Applying this rule, we would write e to the x natural log e, but the natural log of e is just 1, so we just have e to the x. But now we have a rule for the general base. Any base b to the x power, the derivative is going to be b to the x times the natural log of b. Now we can't forget the chain rule, so this is essentially just a template.
So this is the template for the base derivative for b to the x, but the chain rule will always apply. So let's say that I have b to the g of x, where g of x is just some function. Well, we're going to have that base template, so we'll have b to the g of x times the natural log of b, but then we have to apply the chain rule and multiply by the derivative of g. So the chain rule never goes away and so this derivative rule here is essentially just a template. Whenever the chain rule applies we have to apply the chain rule.
So a very brief proof of how we end up with this derivative rule the derivative of b to the x being b to the x natural log b. So again we can form the limit definition of the derivative so we have f of x plus h minus f of x divided by h so that's b to the x plus h minus b to the x. Divide by h. So b to the x plus h is the same as b to the x times b to the h.
And now we can factor out a b to the x. As h goes to 0, well, b to the x has no relation to this variable h. So this b to the x term is behaving as a constant. And so we have now b to the x times this limit.
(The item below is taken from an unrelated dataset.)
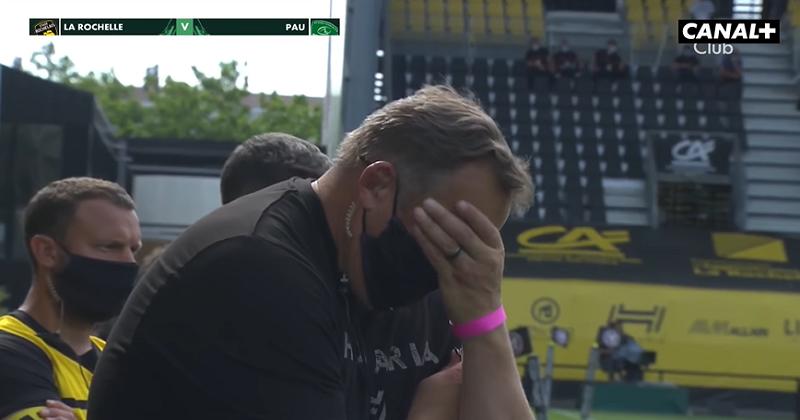 Top 14. La Rochelle n'a encaissé que 15 essais à domicile, dont 4 ce week-end face à Pau [VIDÉO]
The limit as h goes to 0 of b to the h minus 1 over h.
It can be shown that that limit is equal to the natural log of b, and we will get our result b to the x times the natural log of b. Again, as a reminder, you want to be careful to not mix up your derivative rules. So now we have this new derivative rule for b to the x.
So again, this is not the power rule. Our derivative is not x times b to the x minus 1. So we've got two situations. We've got a number to a variable. That's this exponential rule that we have now. We also have the case of a variable to a number.
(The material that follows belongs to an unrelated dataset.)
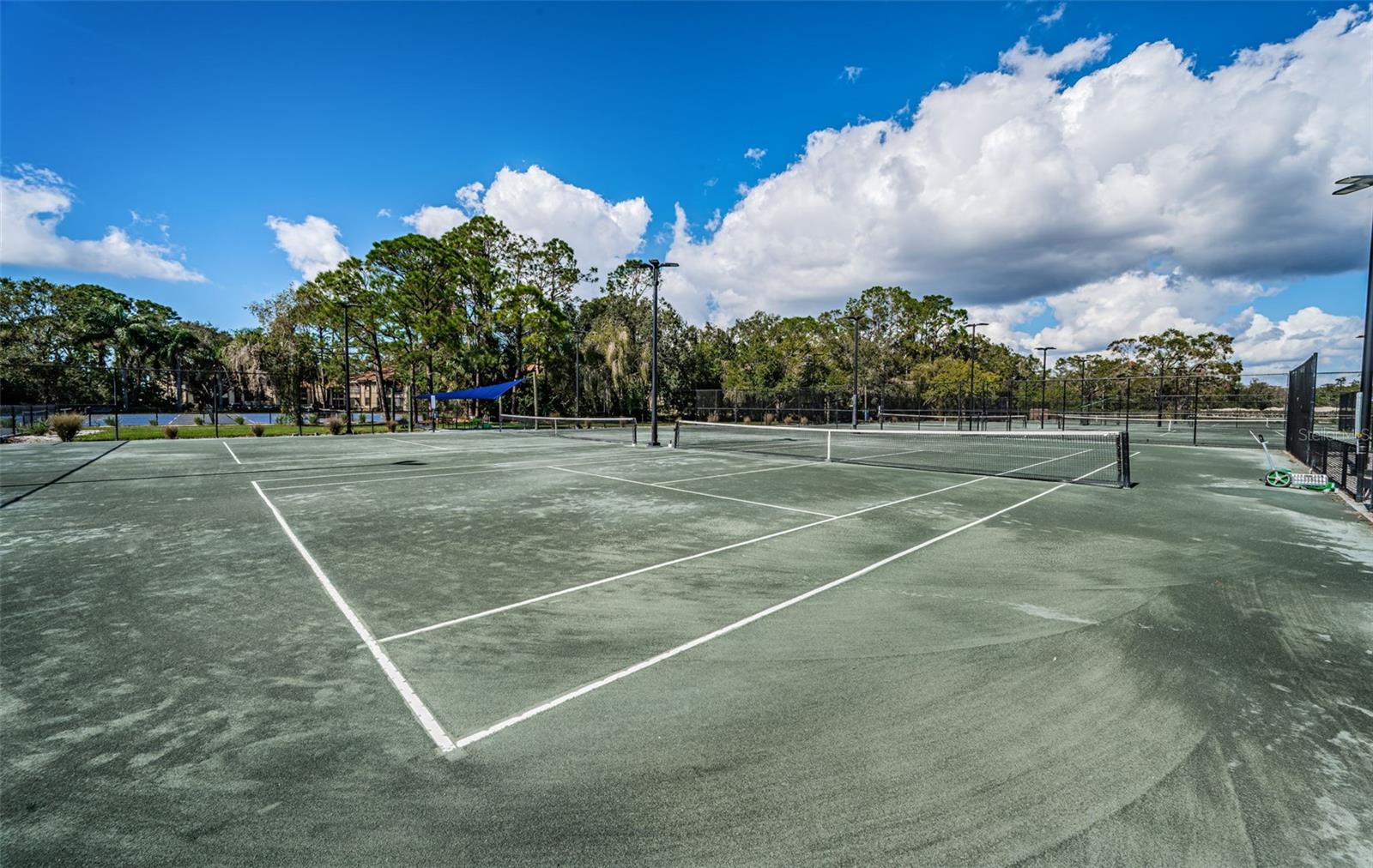 Tennis Courts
That's the power rule. So be careful to keep your derivative rules straight and to not mix them together when it's not appropriate to. So now we'll introduce the derivative of a logarithmic function. So let y equal log base b of x. Again, b larger than 0. So what we have is that the derivative of log base b of x is equal to 1 over x times the natural log of b.
And we have the case that b equals e. Well, if we have b equals e, that's the natural log function. The natural log of e is, again, 1. So for the natural log of x, our derivative will simply just be 1 over x.
Again, these are just templates. If there's something more going on inside of these logarithmic functions, we have to apply the chain rule. So if I had, let's say, log base b of g of x, So again I apply the general template. The general template says 1 over the inside times the natural log of b. So I have 1 over g of x times the natural log of b.
And we must finish it with the chain rule times g prime of x. So the chain rule will never go away. It is always present and it may always need to be applied depending on the function that we have.
So let's go briefly through this rule that we have for the logarithmic function so we can show this rule through implicit differentiation. So let's go through that together. So we'll start with our logarithmic function.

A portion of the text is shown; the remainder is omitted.